Instructions to follow |
The reply must repeat the listing below exactly and carry none of its pictures.

Source data |
__________________________________________________
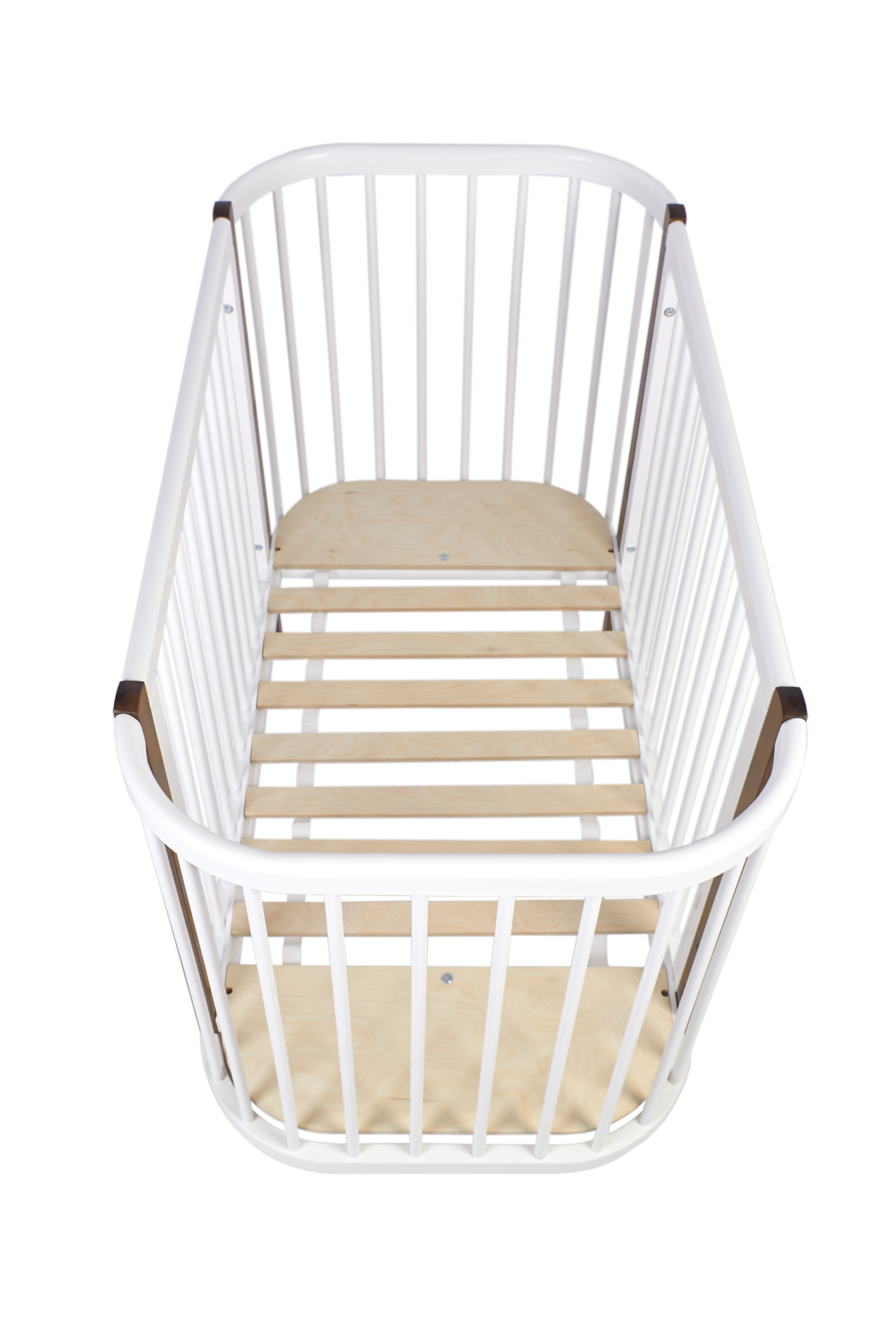 Детская кроватка Polini kids прямоугольная, продольный маятник - фото 33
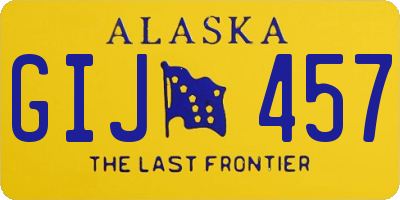 AK license plate GIJ457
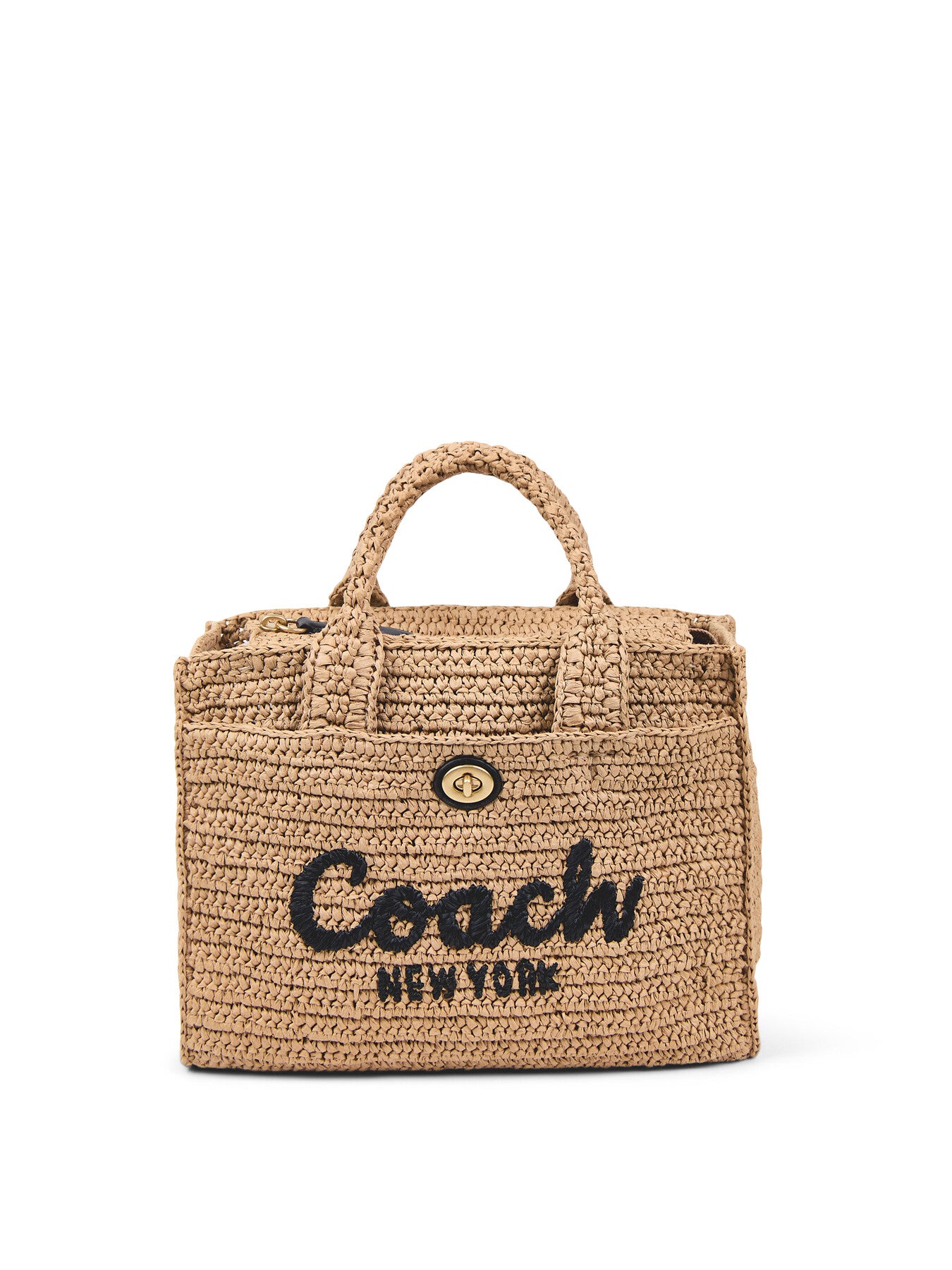 Straw Cargo Tote 26 Natural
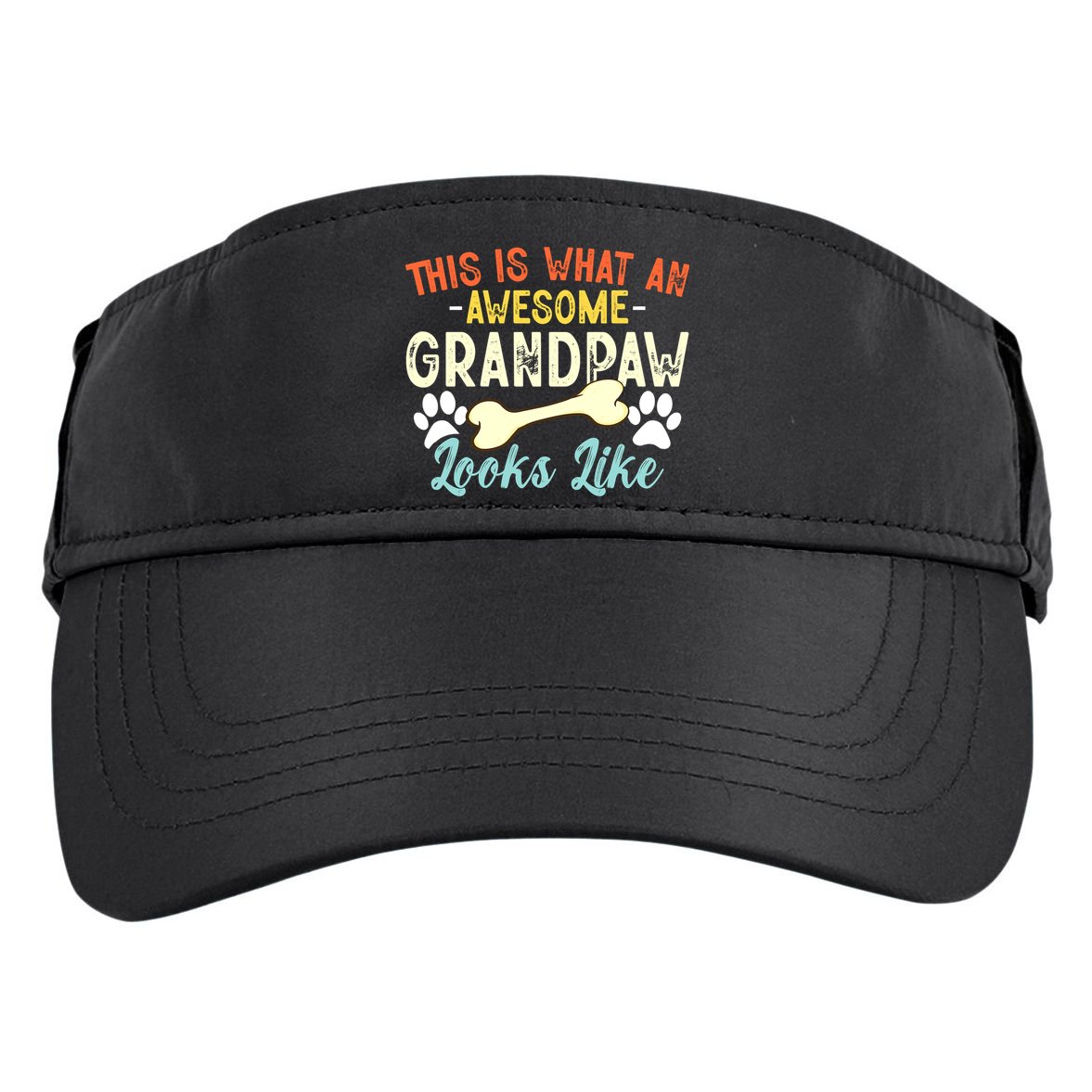 This Is What An Awesome Grandpaw Looks Like - Dog Grandpa Adult Drive Performance Visor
__________________________________________________
Result below |
 Детская кроватка Polini kids прямоугольная, продольный маятник - фото 33
 AK license plate GIJ457
 Straw Cargo Tote 26 Natural
 This Is What An Awesome Grandpaw Looks Like - Dog Grandpa Adult Drive Performance Visor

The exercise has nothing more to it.